Graphite (lower left) consists of numerous layers of the carbon substance graphene (upper left). The graphene macromolecules developed in Freiburg are less than a millionth of a millimeter thick but cover a large surface area and achieve widths of over a hundredth of a millimeter (right).
The project "FUNgraphen," funded by the Federal Ministry of Education and Research, is being coordinated at the FMF with support from an industrial advisory board. The other project partners besides the FMF are the University of Bayreuth, the Federal Institute for Materials Research and Testing (BAM) in Berlin, and the Fraunhofer Institute for Mechanics of Materials in Freiburg.
In the FMF processes individual layers of carbon atoms, derived from natural graphite and also renewable carbon sources, are physically and chemically attached to polymers. The result is giant molecules of carbon, so-called macromolecules, which are less than a millionth of a millimeter thick but can achieve widths of more than a hundredth of a millimeter. The resulting carbon macromolecules and carbon polymer hybrid materials are light, durable, environmentally friendly, and electrically conductive. Moreover, they are resistant to heat, chemicals, and radiation and are impermeable to gas and liquids. "They have the potential to vastly improve resource and energy efficiency of plastics," says Mülhaupt.

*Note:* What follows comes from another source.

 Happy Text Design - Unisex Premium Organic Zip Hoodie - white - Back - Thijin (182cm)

In addition, the researchers dispersed several of these large carbon molecules in water, nontoxic solutions, and plastics to produce concentrated stable dispersions without requiring either binders or dispersing aids. These mixtures can be used to coat surfaces and print conductive carbon films as well as electrically conducting micro patterns. In this way, carbon can replace expensive transition metals like palladium or indium.

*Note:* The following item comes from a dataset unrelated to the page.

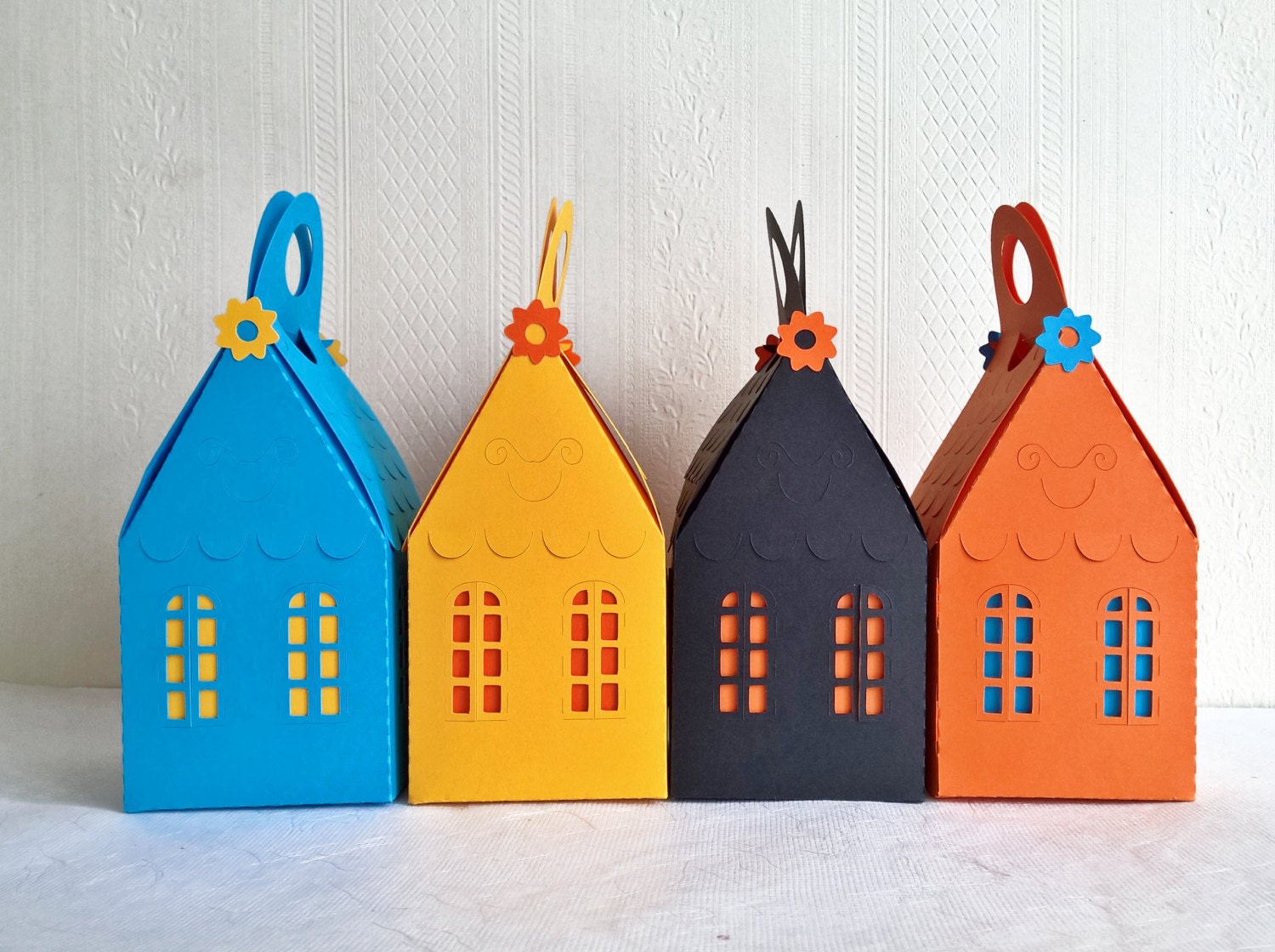 paper cut house box custom color 2.4x2.4x4 inch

"The applications range from printed electronics to printed catalysts with a pore design for the production of fine chemicals with simple catalyst recovery," says Mülhaupt.
The printed conductive carbon layers are much more mechanically robust than printed indium tin oxide layers. The scientists at the FMF also succeeded in mechanically reinforcing plastics and rubber with carbon macromolecules and simultaneously making them electrically conductive, resistant to radiation, and more gas-tight. These substances are interesting candidates for application in antistatic and impermeable fuel tanks and fuel lines, casings that are shielded against electromagnetic interferences, and gas-tight automobile tires for reducing fuel consumption in transportation.
Examples from the project partners' research also show that carbon macromolecules are far more versatile than the carbon nanoparticles typically used today, thus opening up new potential for the development of sustainable materials and technologies.
Prof. Dr. Volker Altstädt from the "FUNgraphen" team at the University of Bayreuth was able to substantially reduce the cell sizes in foams by adding carbon macromolecules. This will allow the researchers to improve the thermal insulation properties of foams and develop new, highly efficient insulating material.
The "FUNgraphen" group led by Dr. Bernhard Schartel at the BAM has succeeded in increasing the fire protection effect of halogen-free flame retardants by adding tiny admixtures of the new carbon macromolecules. A plastic equipped with this new material does not catch fire even after a flame has been applied to it several times - unlike unprotected plastics, which become deformed at high temperatures and start to burn immediately when they come into contact with fire.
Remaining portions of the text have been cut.